**WHAT IS EXPECTED:**
Every line of the listing must be reproduced as it stands. Leave the images behind.

**DATA PROVIDED:**
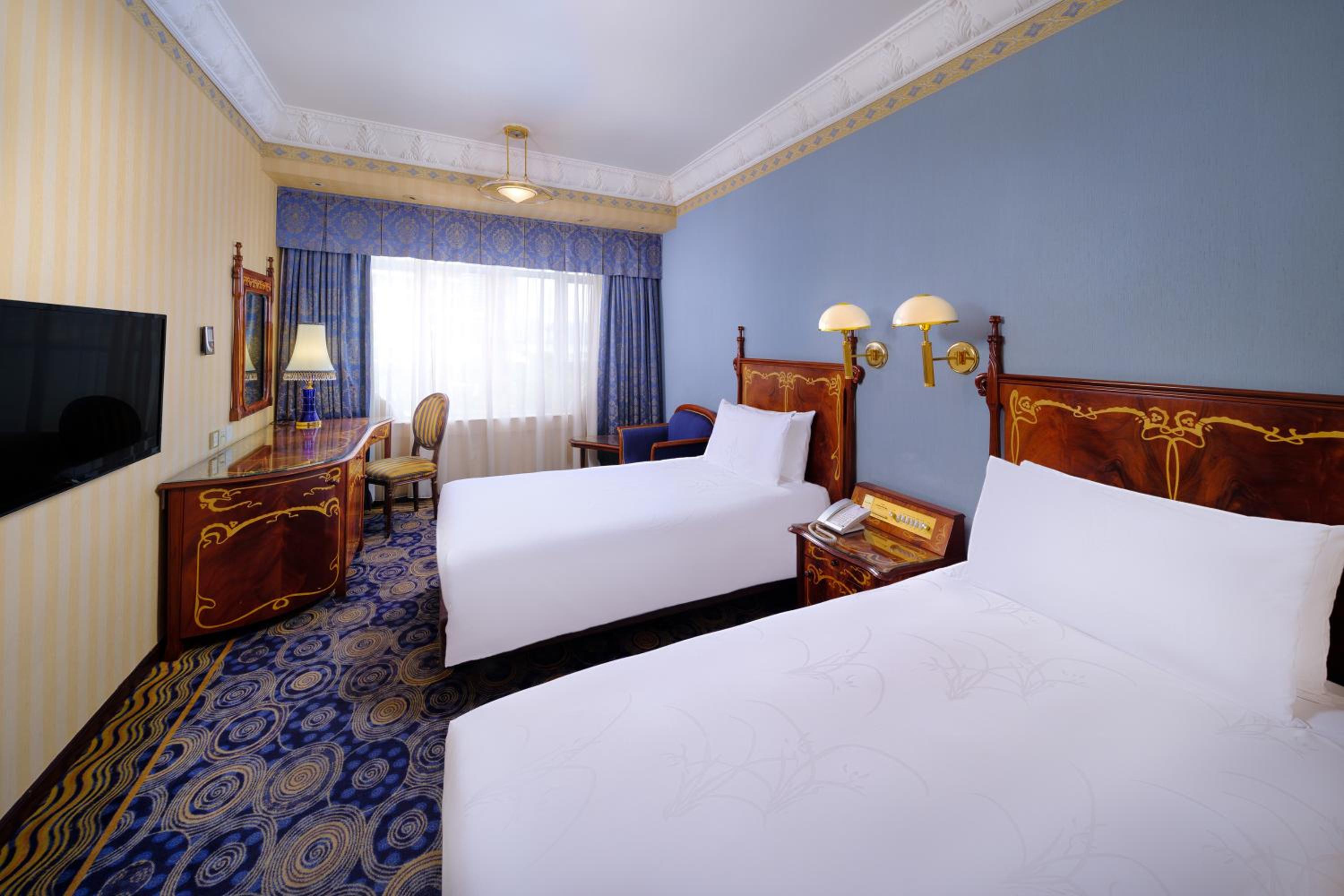 Standard Twin Room - Photo 1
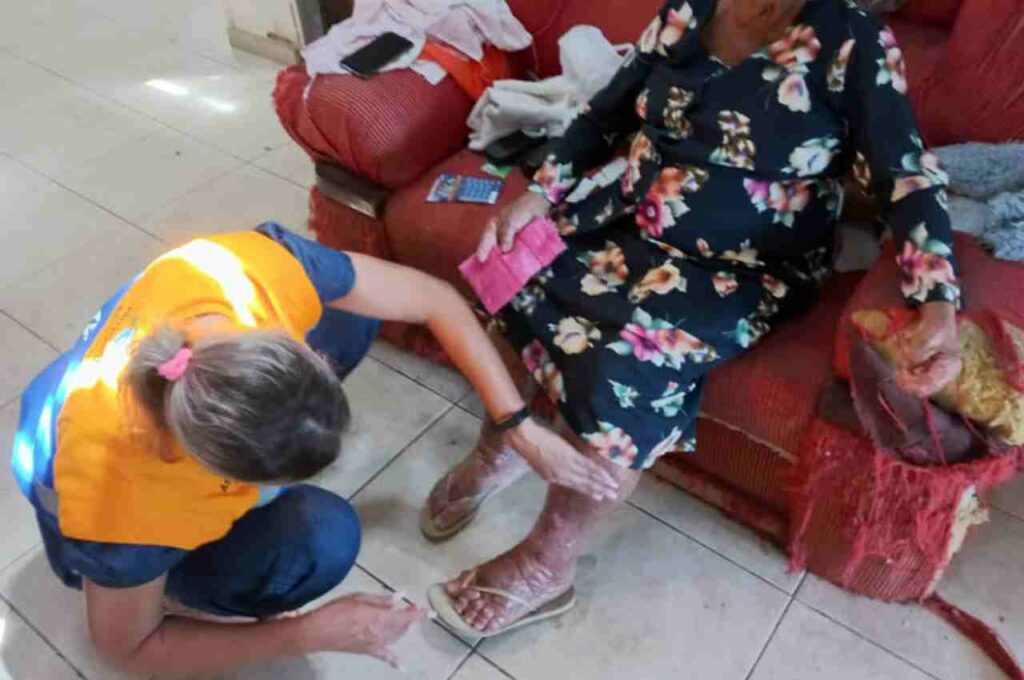 Polícia investiga denúncia de maus-tratos contra anciã de 95 anos em Maceió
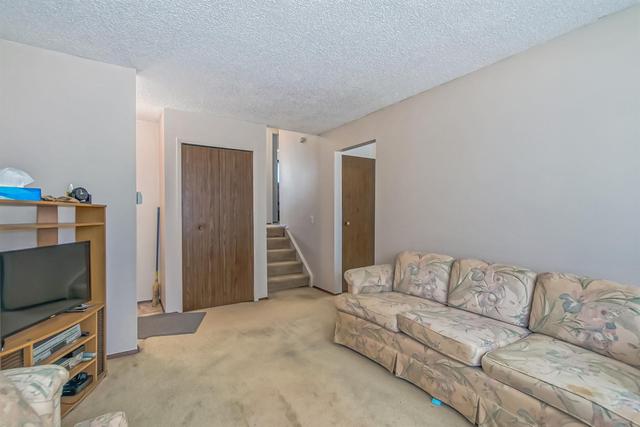 35 Whitehaven Road Ne, House detached with 3 bedrooms, 2 bathrooms and 2 parking in Calgary AB | Image 6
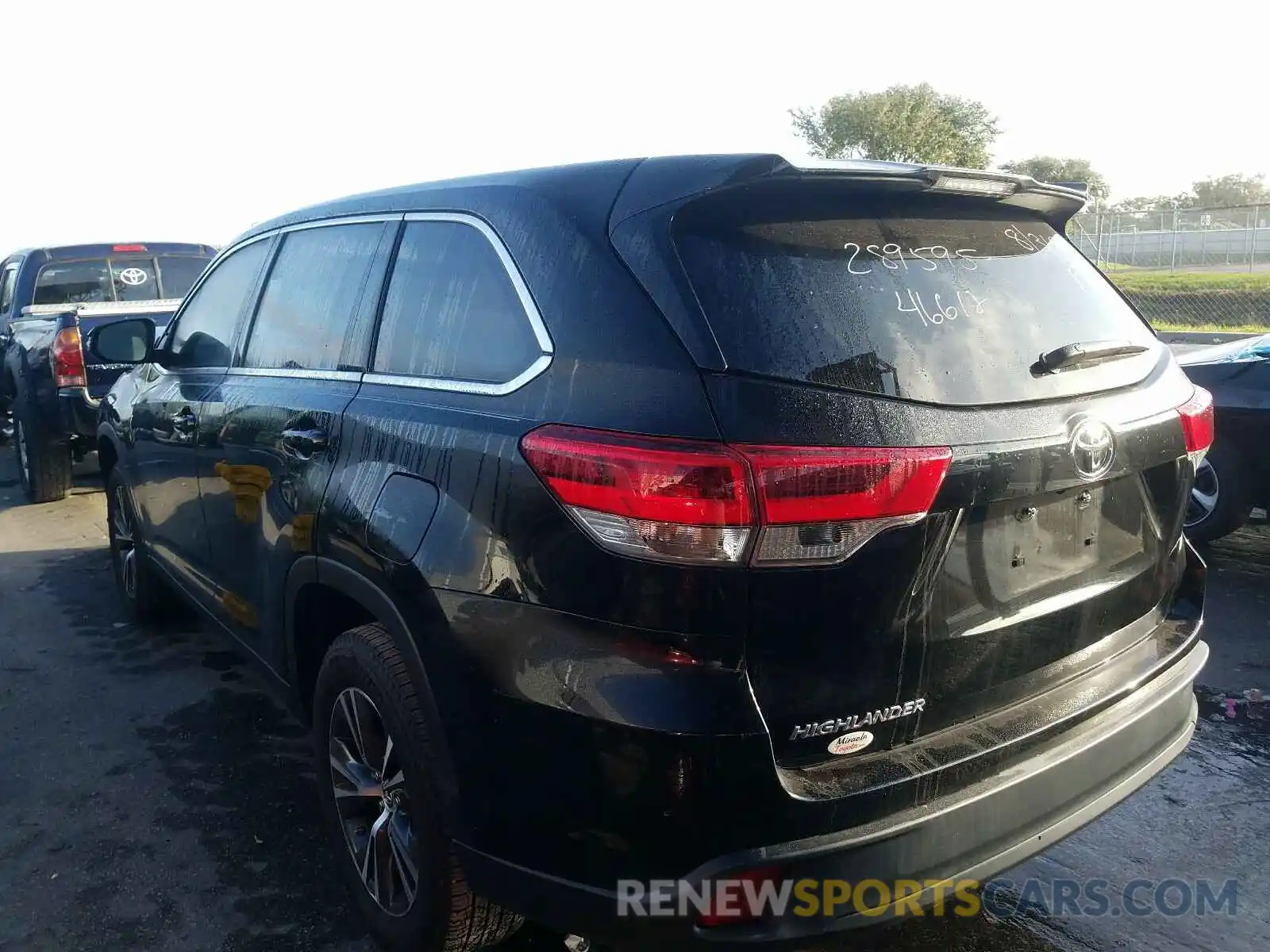 3 Photograph of a damaged car 5TDZZRFHXKS289595 TOYOTA HIGHLANDER 2019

**RESPONSE TO THE TASK:**
 Standard Twin Room - Photo 1
 Polícia investiga denúncia de maus-tratos contra anciã de 95 anos em Maceió
 35 Whitehaven Road Ne, House detached with 3 bedrooms, 2 bathrooms and 2 parking in Calgary AB | Image 6
 3 Photograph of a damaged car 5TDZZRFHXKS289595 TOYOTA HIGHLANDER 2019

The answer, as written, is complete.